# Fishing Jetties Monday the 17th



## BullyARed (Jun 19, 2010)

I plan to take my boat to the Galveston jetties (and bay if needed) to fish on Monday. Plan to fish from 07:00AM till 5:00PM. Cost sharing is $50 per person for oil & fuel & fee. Fishing partners can share cost for baits separately. Bring your own foods and drinks (no alcohol or beers - prefer non-smoking). I am also thinking about doing it on this Sunday also if I can find a marina to park my boat for two days.
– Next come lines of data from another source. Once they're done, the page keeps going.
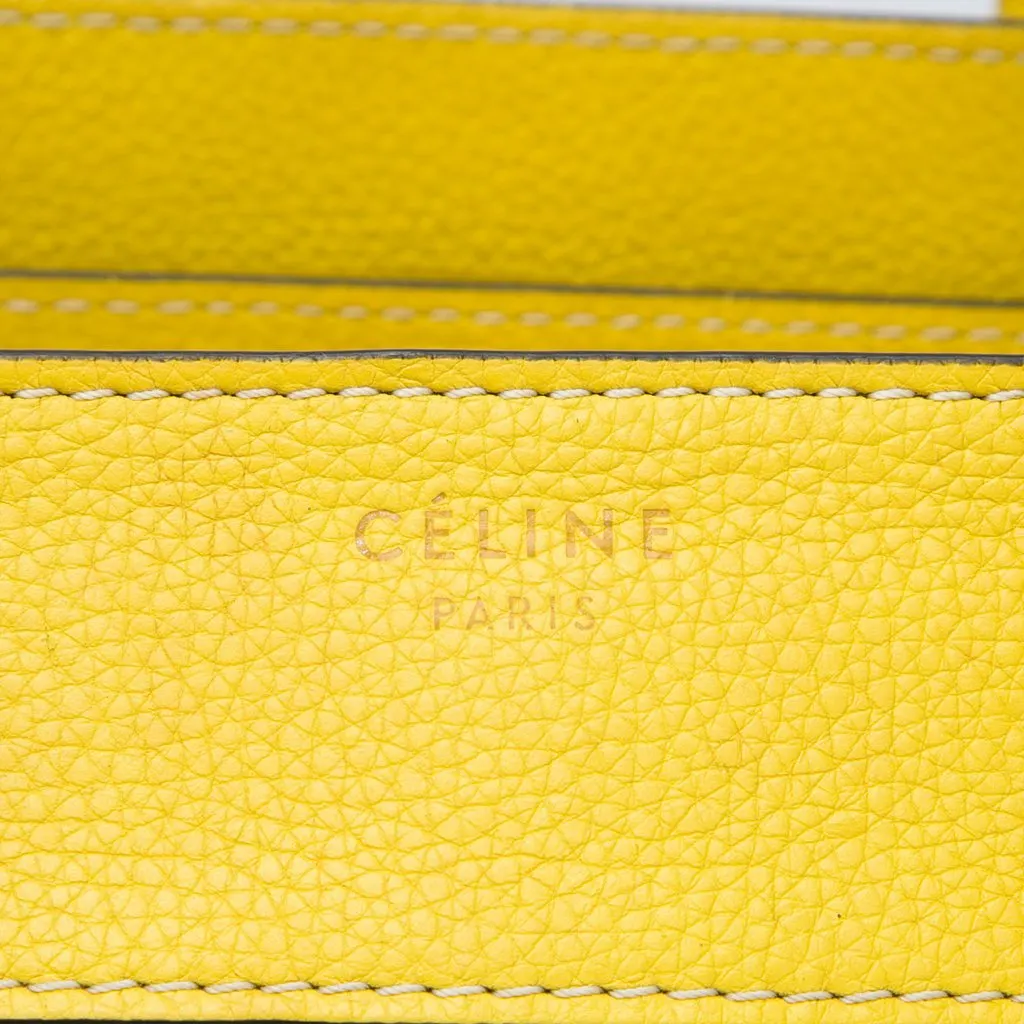 Celine Mini Grained Calfskin Luggage Tote Yellow Leather Very good - Box View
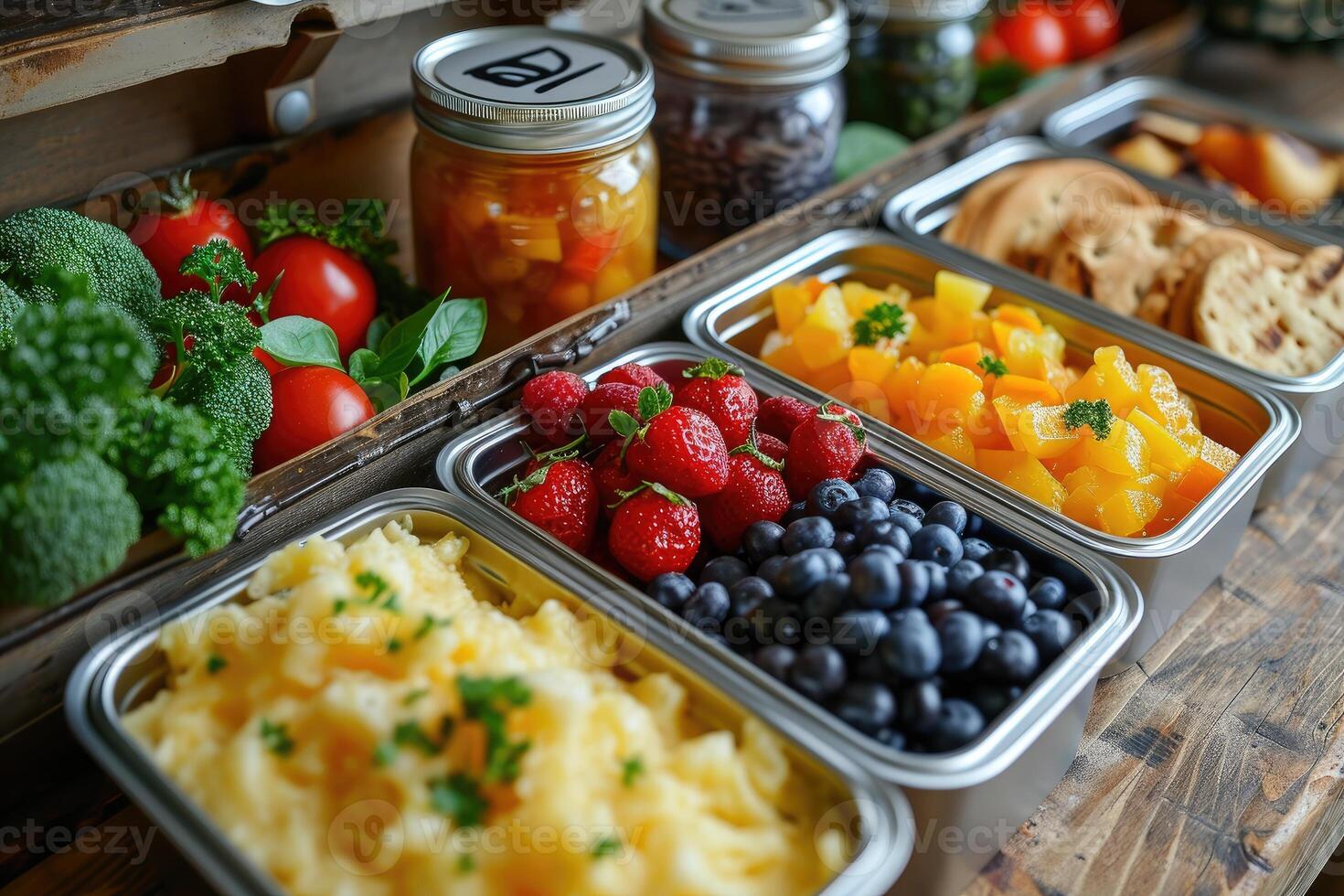 ai gerado lanches dentro uma recipiente profissional publicidade Comida fotografia foto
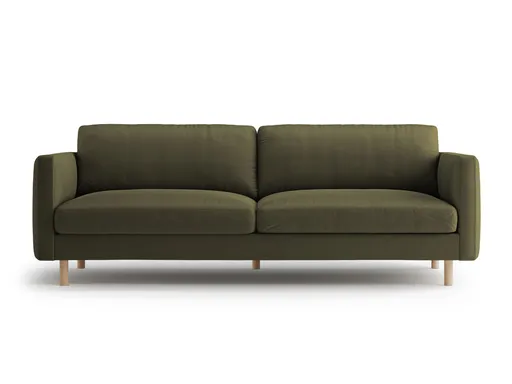 Canapea 4 locuri, Eden, Micadoni Home, 209x92x90 cm, catifea, verde muschi melanj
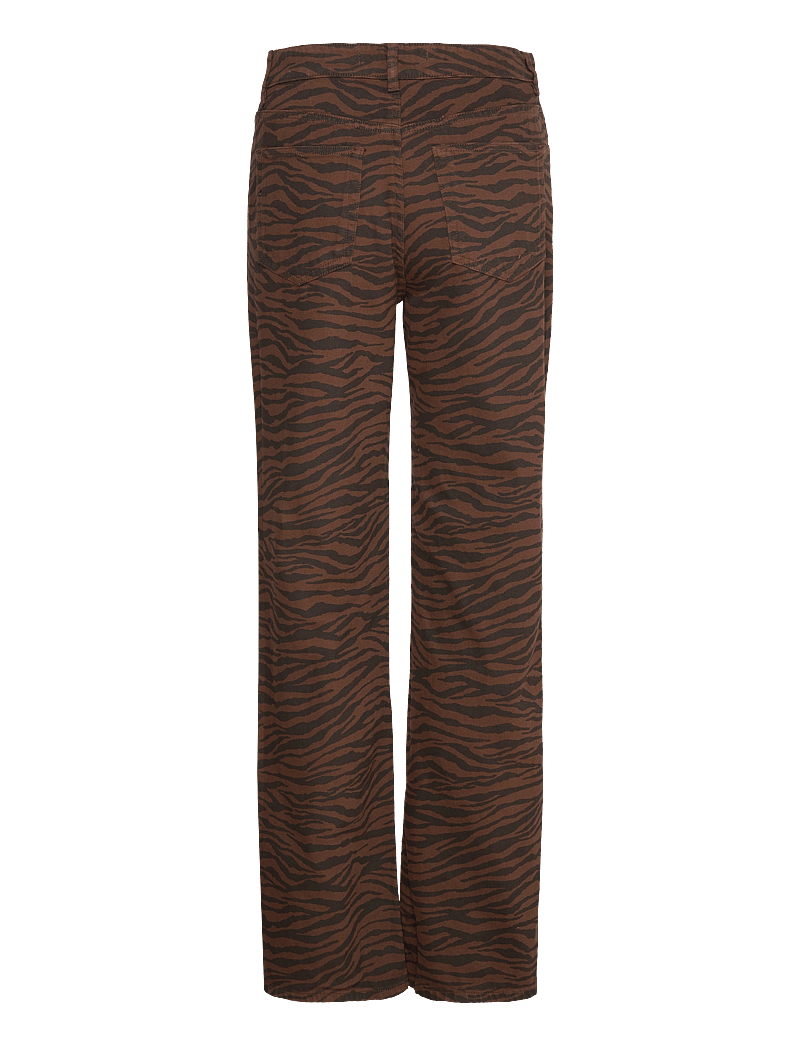 Mango - Zebra-print straight-fit jeans - raka jeans - dark brown - 1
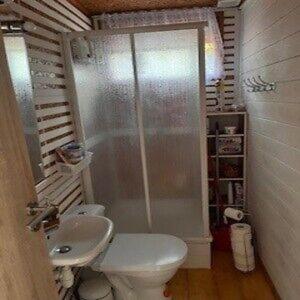 a bathroom with a shower and a toilet and a sink at Ostrzycki Raj in Pierszczewo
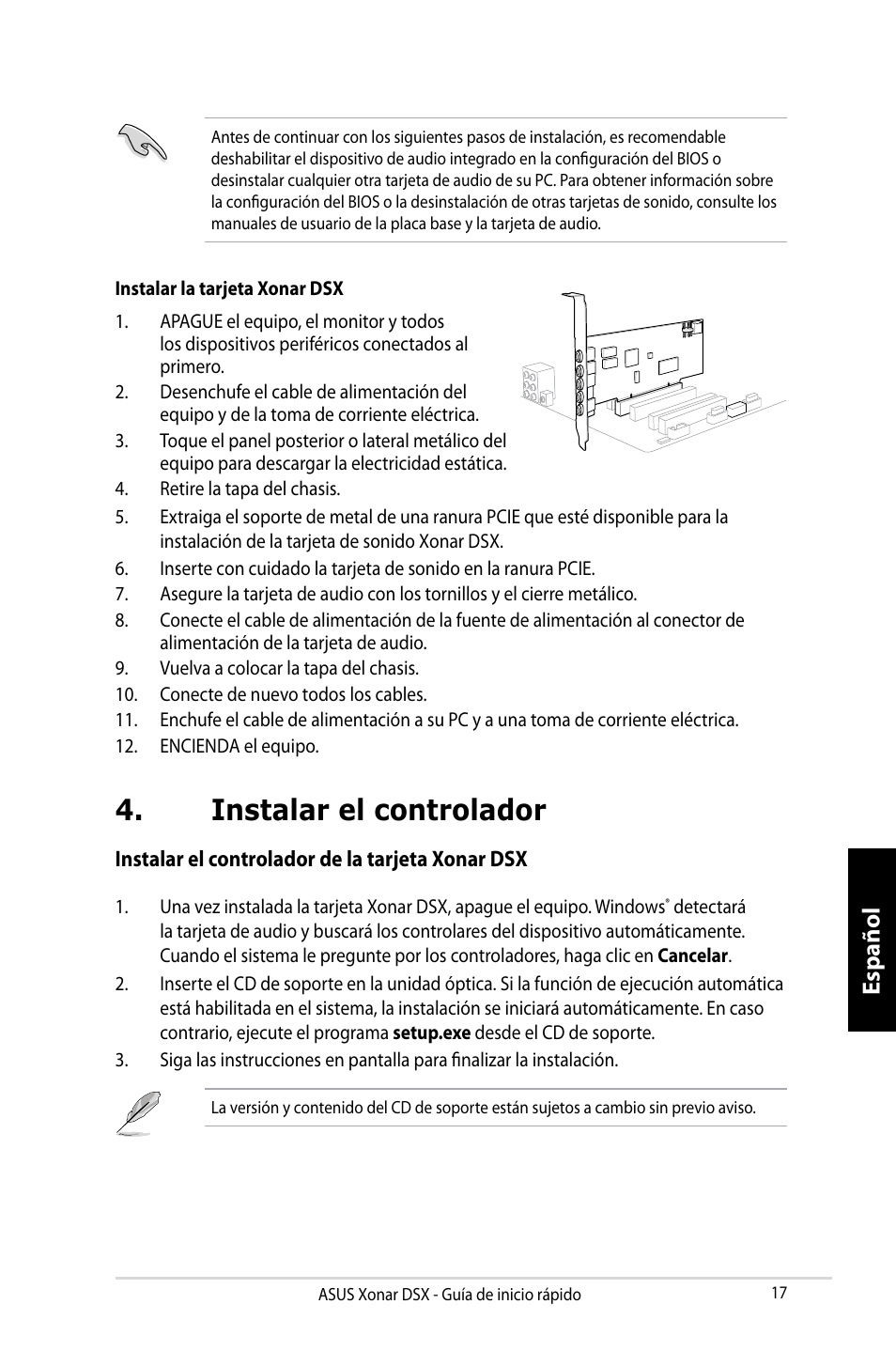 Instalar el controlador, Español, Instalar el controlador de la tarjeta xonar dsx | Asus Xonar DSX User Manual | Page 17 / 29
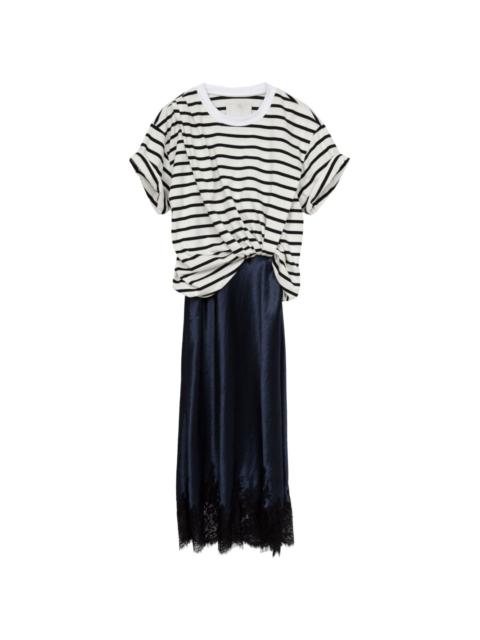 striped cotton midi dress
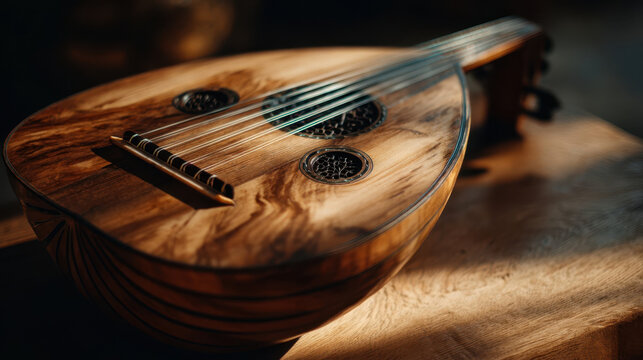 Close-up of a traditional Arabic oud on a wooden table, a classic Middle Eastern string instrument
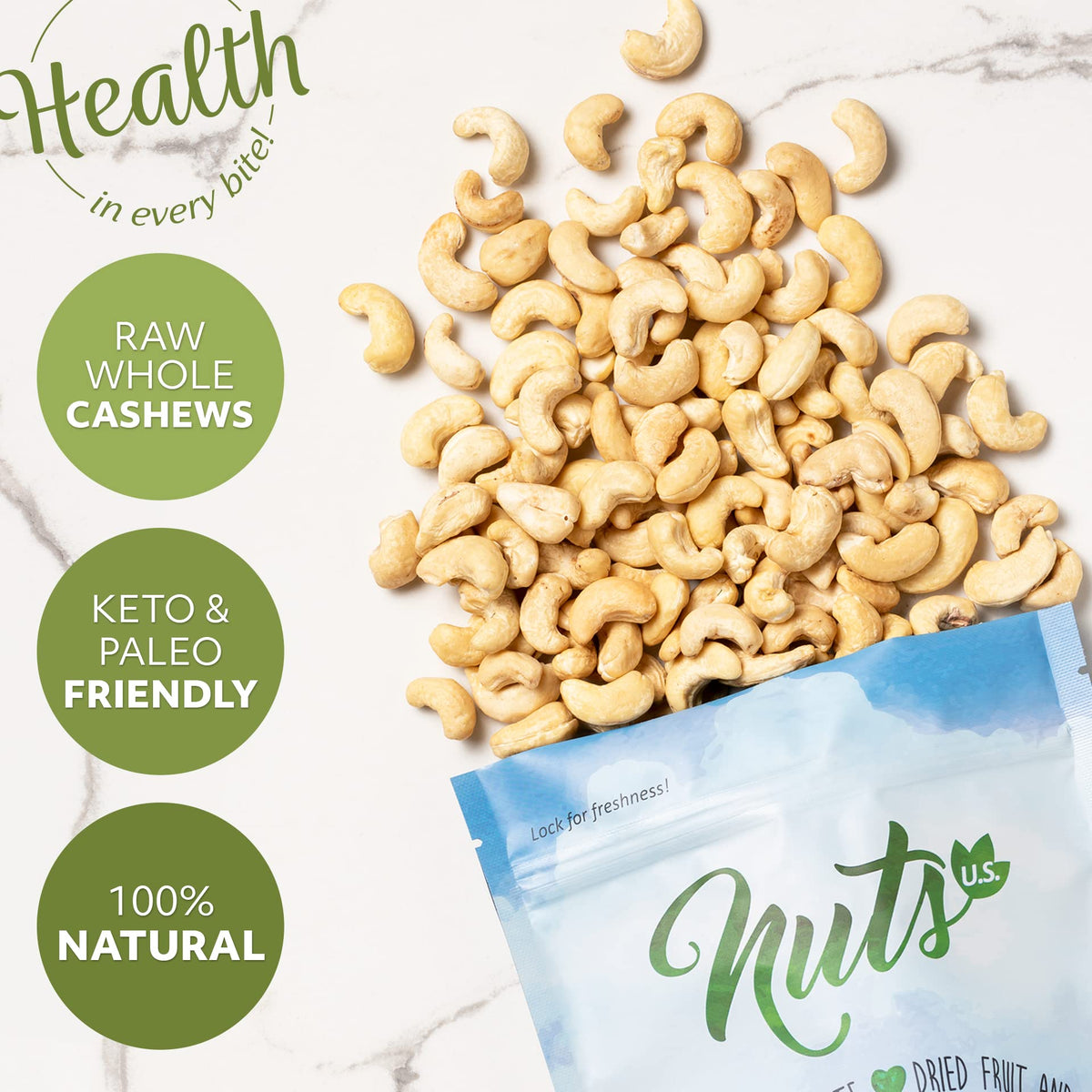 NUTS US cashews for milk ingredients, homemade cashew milk base.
The boat is 22 ft SeaPro with 200HP Mercury. 
====


----------



## Justin League (Jun 11, 2011)

I am game for Monday. Give me a call 832-493-1075. Justin. If you got room, my brother came come aswell. Let me know.


----------



## BullyARed (Jun 19, 2010)

Sorry, I have to move this trip to other day.
===


----------



## charlie23 (Jan 11, 2005)

BullyARed said:


> Sorry, I have to move this trip to other day.
> ===


to when?

i didnt get your invite buddy


----------



## BullyARed (Jun 19, 2010)

charlie23 said:


> to when?
> 
> i didnt get your invite buddy


Charlie, you was already in the list with others. I was looking for two more. See my PM.
===


----------